I think this is a great idea, if you don't mind putting together another tank. As long as you de-chor this should be a great control. Will the water temp be in normal range? Some plants really slow down in cold water.


----------



## DogFish (Jul 16, 2011)

For GEN II test - I'd like to test other substrates if I can.

So far we have:

Black Diamond Blasting Grit. 
Petco brand black sand
Seachem Red Flourite 
turface pro league
standard aquarium gravel

I can switch out to construction sand if someone has Black Diamond.

I'd like to run a test on Plan Cat litter if someone is a Cat owner.


----------



## NWA-Planted (Aug 27, 2011)

Add me on board, black diamond in mine!


----------



## Nubster (Aug 9, 2011)

Do you want me to run the test in my high tech or low tech tank?


----------



## DogFish (Jul 16, 2011)

Nubster said:


> Do you want me to run the test in my high tech or low tech tank?

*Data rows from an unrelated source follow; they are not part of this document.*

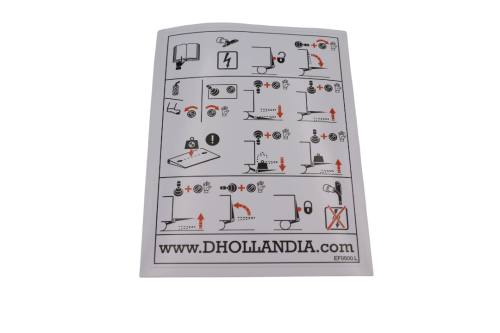 Dhollandia Safety sticker left EF0500.L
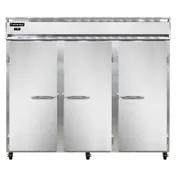 Continental Refrigerator 3FENSA 85-1/2" 3-Solid Door Reach-In Freezer, Top Mounted, Stainless Steel, 73 cu. ft. 1 image
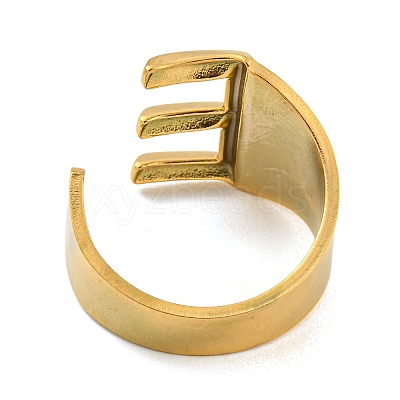 PVD Vacuum Plating 201 Stainless Steel Cuff Rings RJEW-Z032-01G-E-1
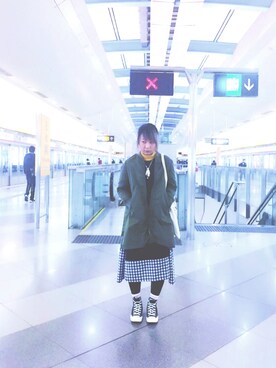 哉さん（レディース・160cm）の秋コーディネート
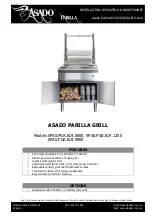 asado PARILLA Installation Operation & Maintenance предпросмотр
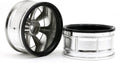 LP29 Wheel ATG RS8, Chrome, (2pcs) - Model HPI33462 - HPI Racing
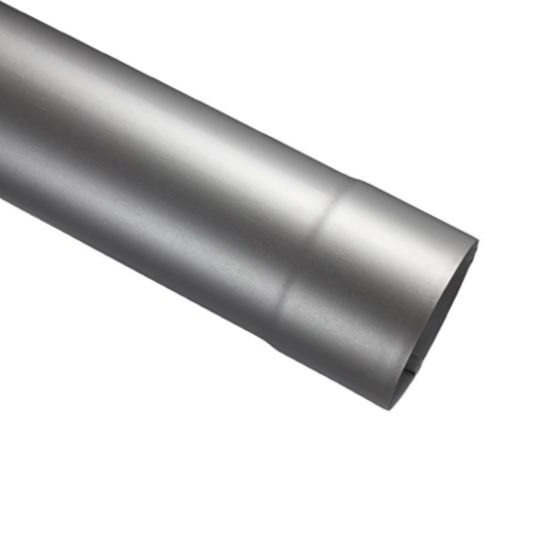 Round Downspouts for Painted Half-Round Gutters - 3" x 10' - Natural Gray Metallic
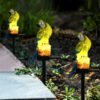 Parrot Solar Lamp Outdoor Garden LED Light - Image 3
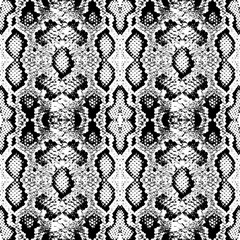 Snake skin scales texture. Seamless pattern black isolated on white background. simple ornament, fashion print and trend of the season Can be used for Gift wrap, fabrics, wallpapers. Vector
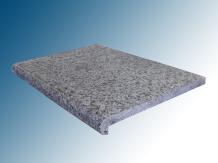 Zwembadrand Basalt 50x35x2/4 cm ronde neus gevlamd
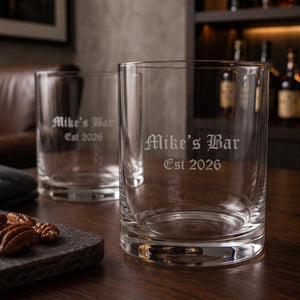 Riedel The O Wine Tumbler Whisky H2O Glasses, 15oz, Set of 2 lifetime engraving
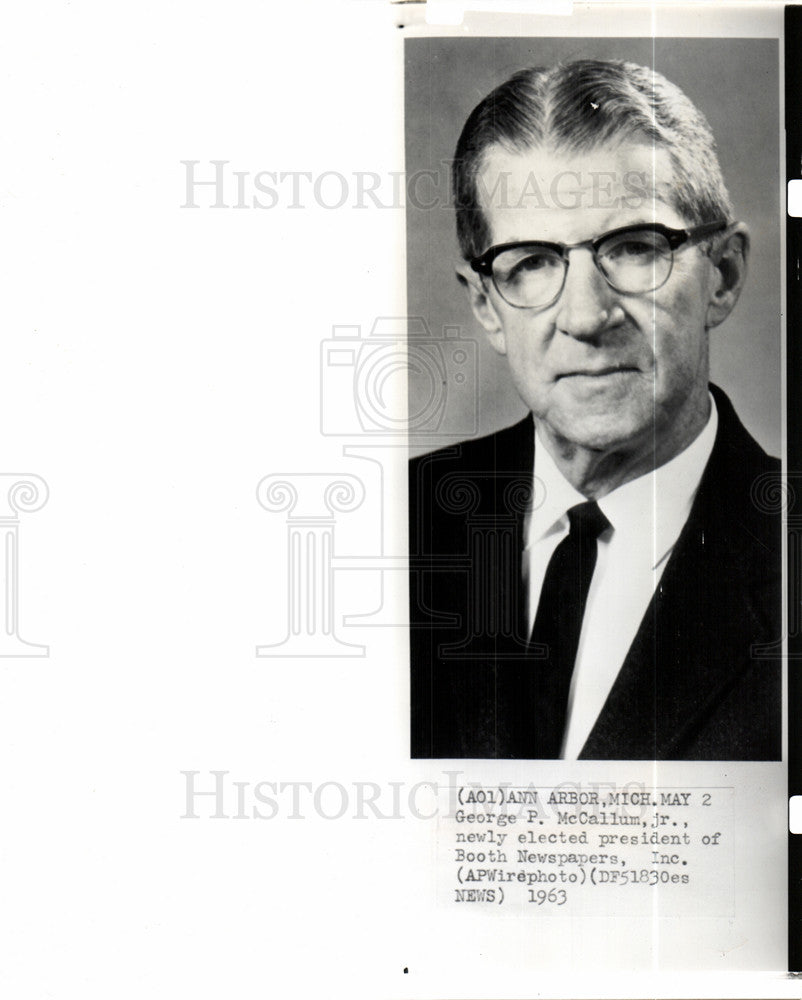 1963 Press Photo George P. Mccallum,Jr President - Historic Images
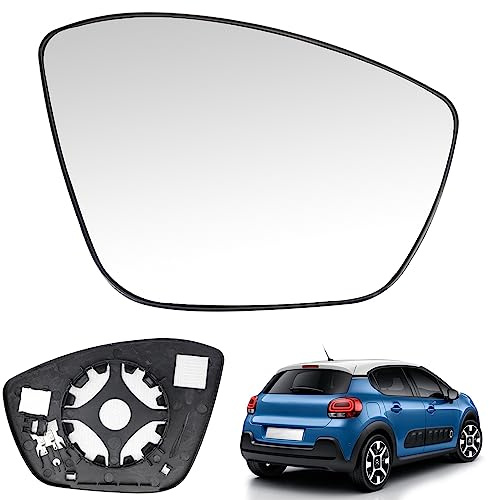 Cristal de Retrovisor Compatible con Citroen C3 MK3 2016-2021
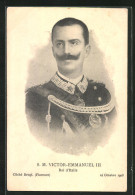Cartolina S. M. Victor-Emmanuel III., Roi D`Italie  - Royal Families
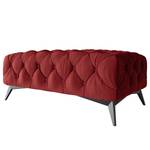 Gestoffeerde hocker Laviva I fluweel - Velours Ravi: Bordeaux - Breedte: 120 cm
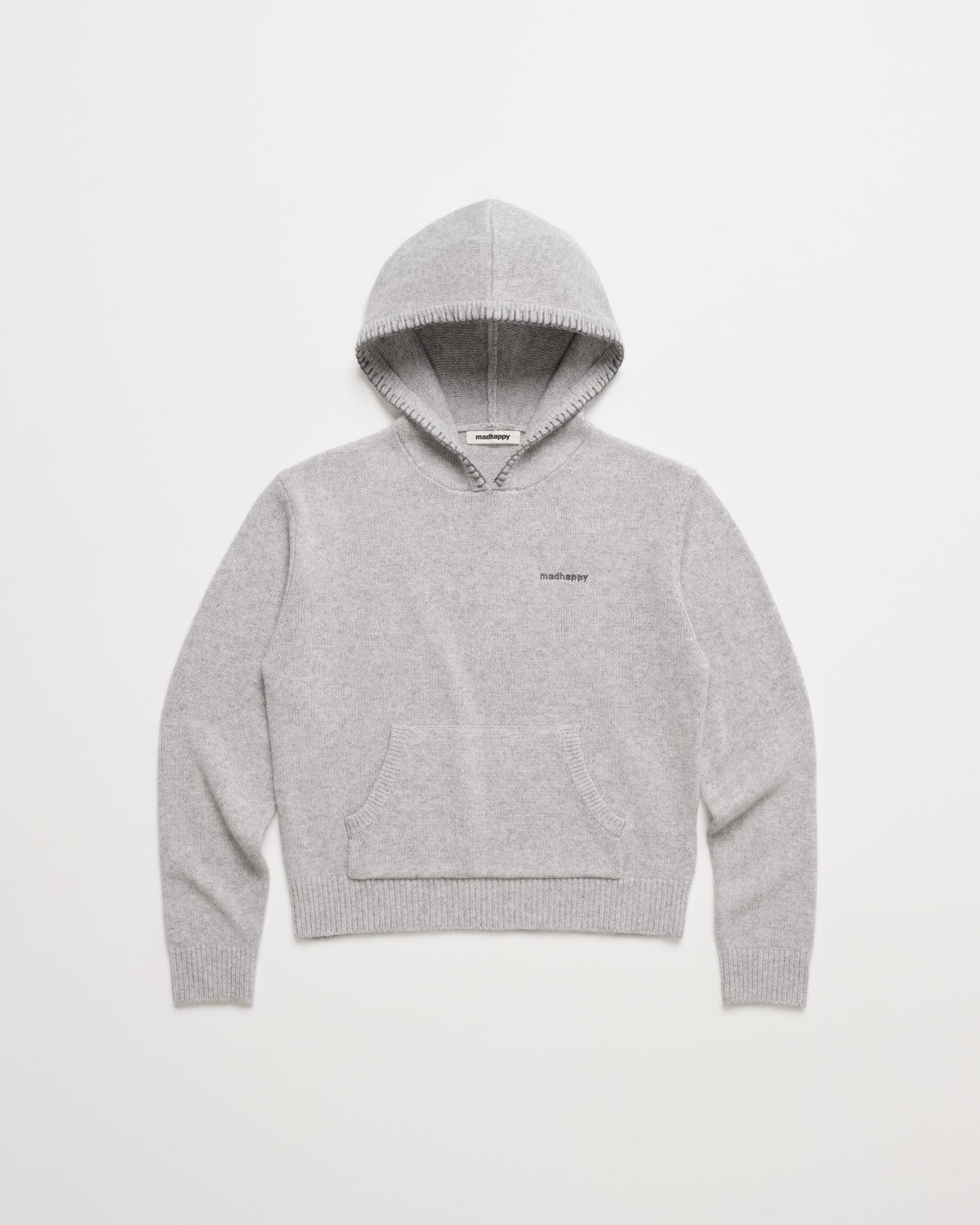 Shrunken Pullover Sweater Hoodie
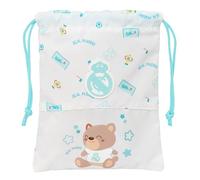 Real Madrid Preescolar Sac à goûter Blanc Qualité et résistance maximale 20 x 25 cm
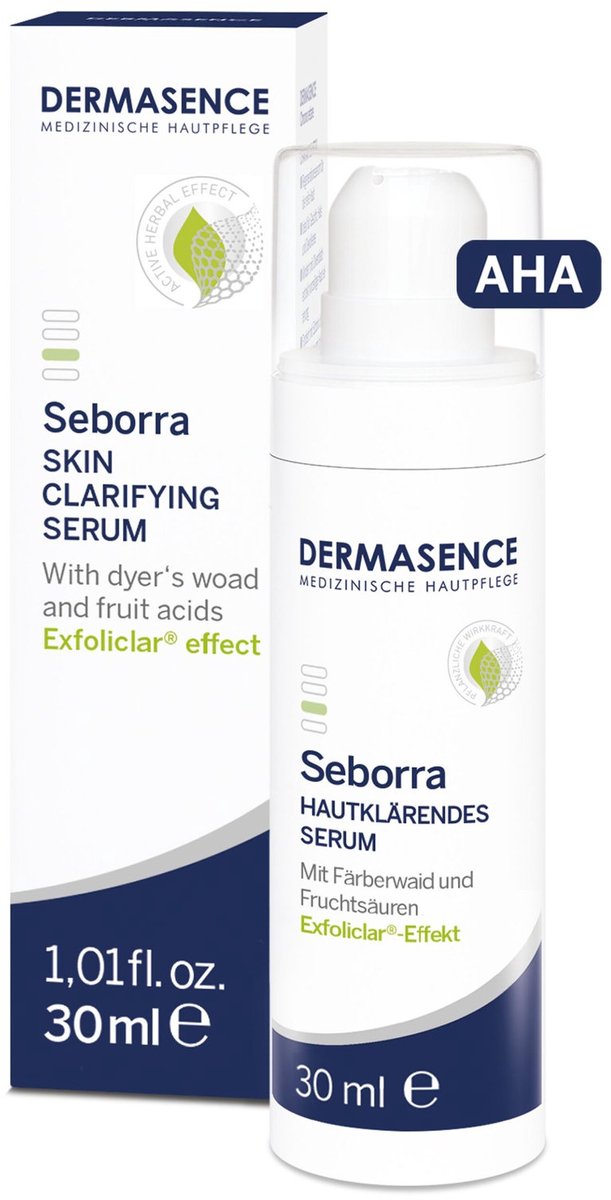 DERMASENCE Seborra hautklärendes Serum anti-irritativ und Hautbild verfeinernd, 30 ml Gel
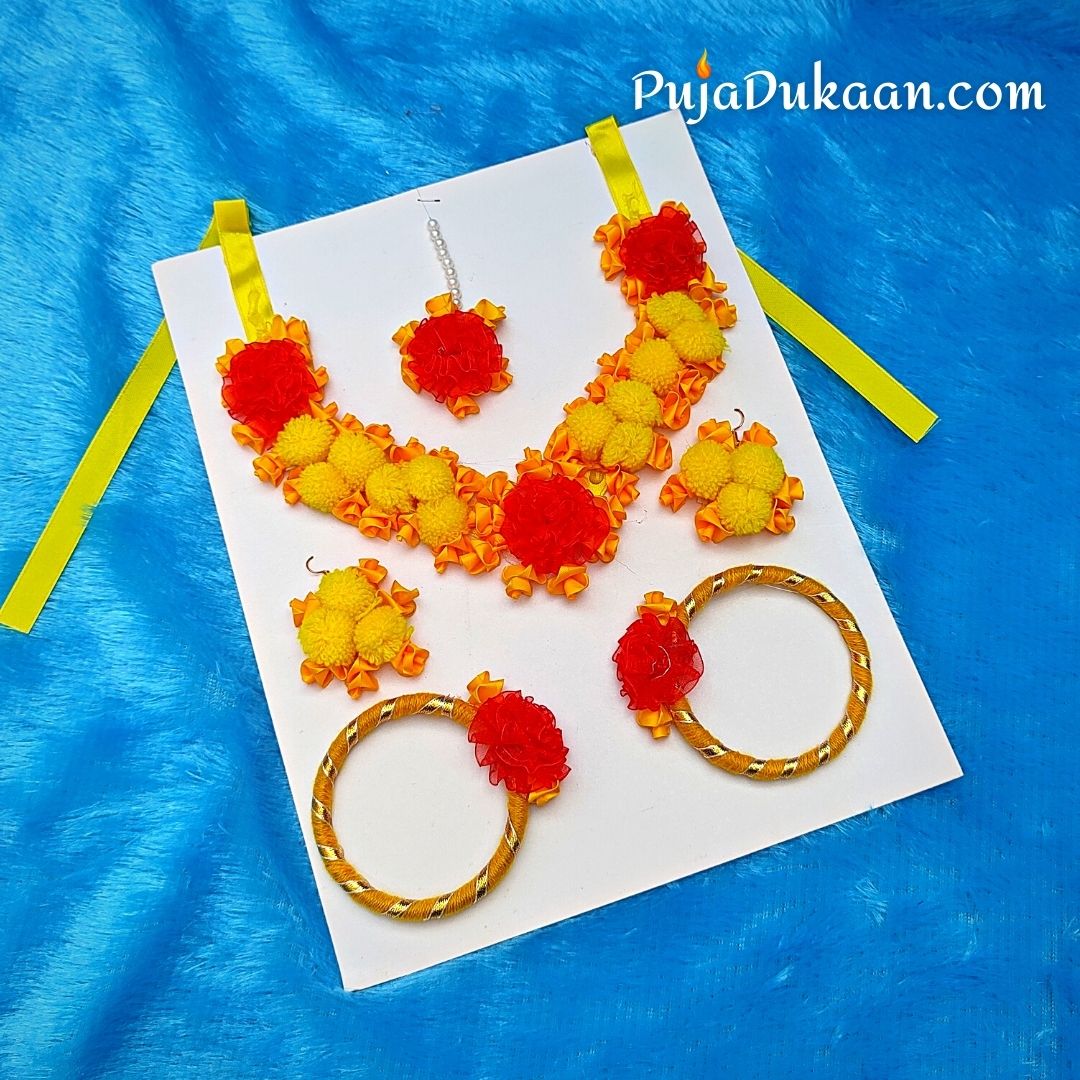 Artificial Flower Jewellery for Haldi A2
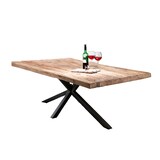 thumbnail of SIT Möbel Esstisch 220 cm | 50 mm Tischplatte Teak natur | Gestell Metall antikschwarz | B 220 x T 100 x H 76 cm | 15842-11 | Serie TISCHE & BÄNKE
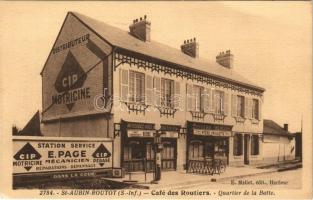 St-Aubin-Routot, Café des Routiers, Quartier de la Botte. E. Mellet édit. / café (non PC)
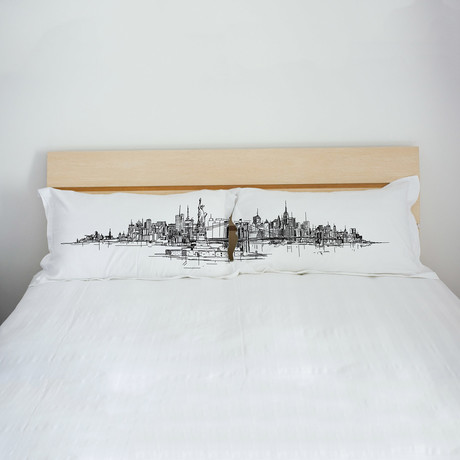 New York Horizon // Pillow Case // Set of 2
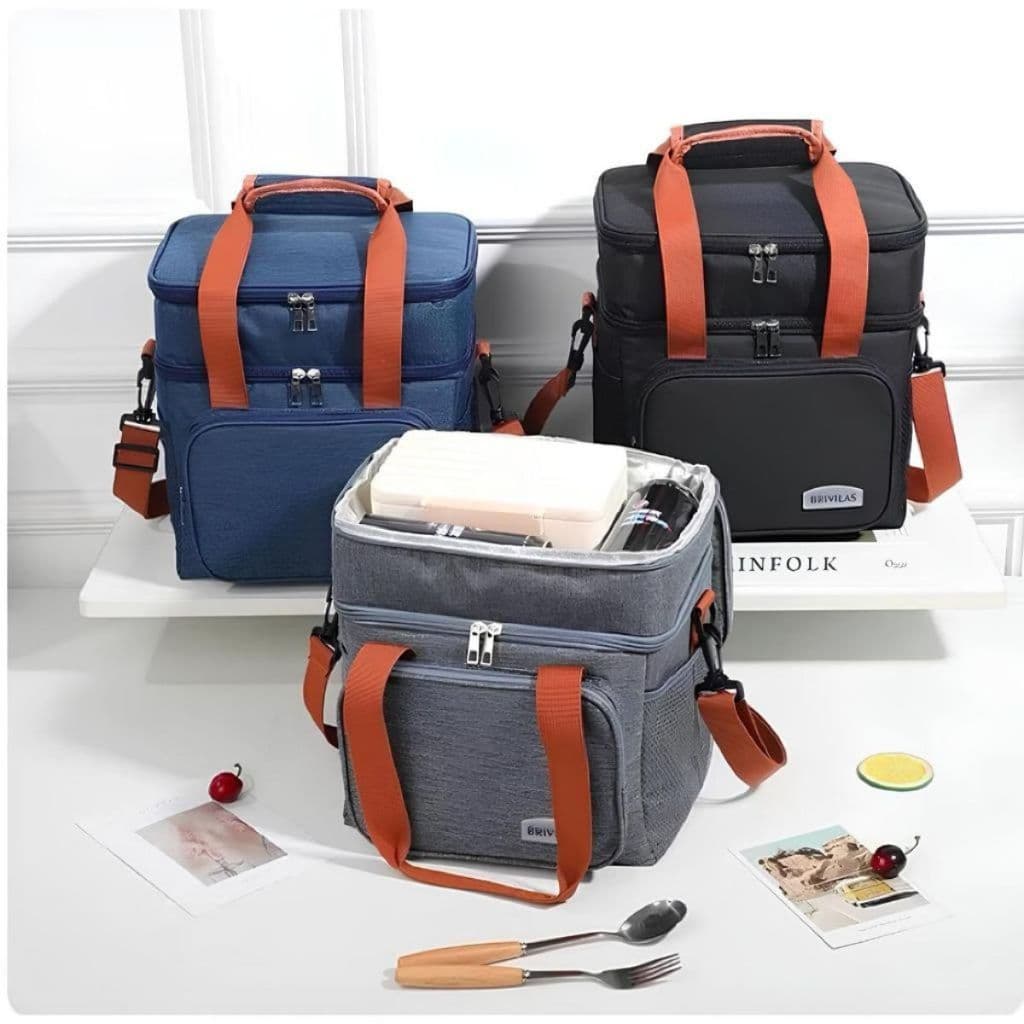 Bolsa Térmica De 2 Camadas De Grande Capacidade Adequada Para Piquenique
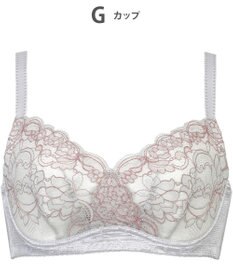 Wing ブラジャー コンパクトにバストメイク 高さをおさえる 【小さく見せるブラ】 Gカップまで対応 大きいサイズ ブラ KB6100 ウイング／ワコール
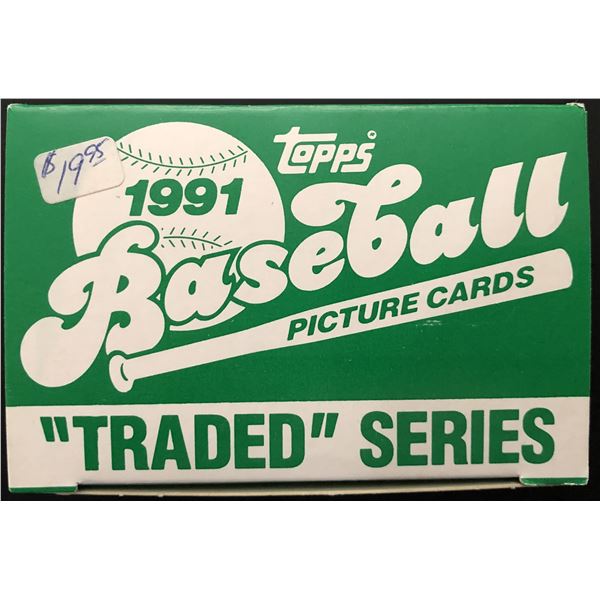 1991 TOPPS BASEBALL ROOKIE & TRADED SET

are they BOTH "Petco brand black sand" or are you going to pot the plants? I'm o.k. with either.


----------



## Daximus (Oct 19, 2011)

DogFish said:


> I think this is a great idea, if you don't mind putting together another tank. As long as you de-chor this should be a great control. Will the water temp be in normal range? Some plants really slow down in cold water.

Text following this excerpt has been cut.